THE CHILDREN – This little family get together includes talk of viruses, traditional Chinese medicine, and home schooling. The hippies talk about “building kids immunity in a natural way instead of all those nasty jabs”. I’m not sure if the film is using this as a convenient plot point from contemporary headlines, or if they’re trying to say something about vaccinations that I’m missing.
There’s a load of sick kids, an evil sled, a pervy uncle, and a girl who’s neither adult nor child. Throw in intra-family suspicion and guilt and you can be relatively certain nobody’s going to make it out alive.

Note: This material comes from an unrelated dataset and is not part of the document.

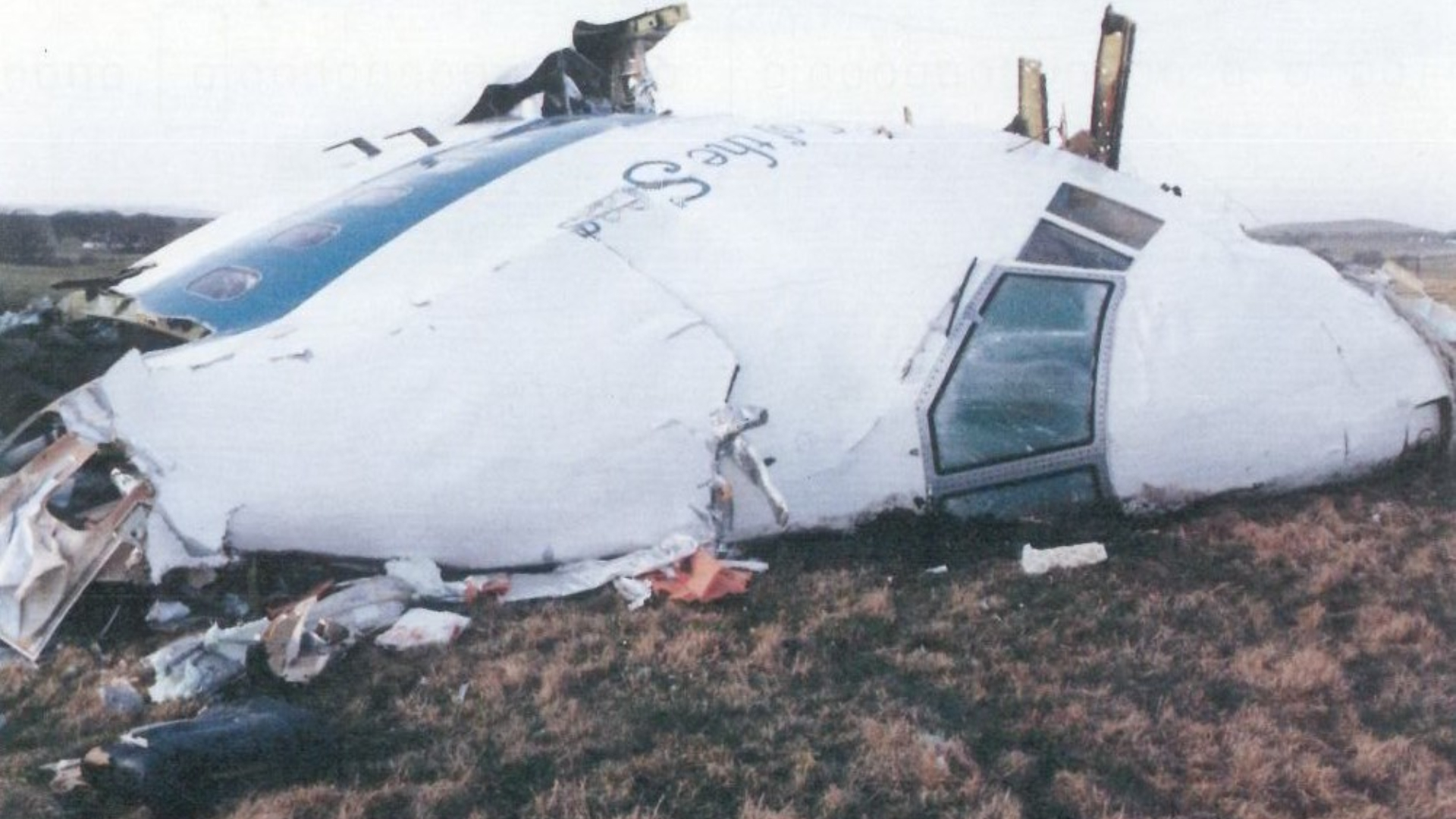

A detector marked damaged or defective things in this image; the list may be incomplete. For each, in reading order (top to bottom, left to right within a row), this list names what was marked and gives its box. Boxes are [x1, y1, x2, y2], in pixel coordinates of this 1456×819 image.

I thought this was a pretty well done film; it’s not black and white, there’s reasonably realistic portrayals by the actors. However, the Netflix page is full of insane reviews about how “people would never behave like this” – I think Netflix reviewers expected A CHRISTMAS STORY.
SPIDERHOLE – A group of four art school losers head out to find a nice place to establish a squat, using the UK’s liberal squatters’ rights to live rent free at someone else’s expense.
They break into a house that’s boarded up, and they can’t believe their luck when they find they’re trapped inside with doors and windows welded shut. It’s similar to so many films in the genre; locked in a house with a psycho killer who kills everyone off, one by one.
Of course, the last person living manages to escape; nearly.
SILENT NIGHT, DEADLY NIGHT – Weird structure here, building from Billy’s childhood where his grandfather told him scary stories about Santa. His parents are killed by Santa shortly afterward, and then Santa “stalks” him and his post-traumatic stress disorder… It’s not all that often that you get the full origin story right up front in the slasher films.
There’s a weird “Billy’s got a job montage” where he lifts and carries things, helps kids, smiles, etc. It’s pretty obvious that no good is going to come from this good kid who doesn’t do anything wrong…
“I want to be good. I don’t mean to be naughty. Don’t punish me.”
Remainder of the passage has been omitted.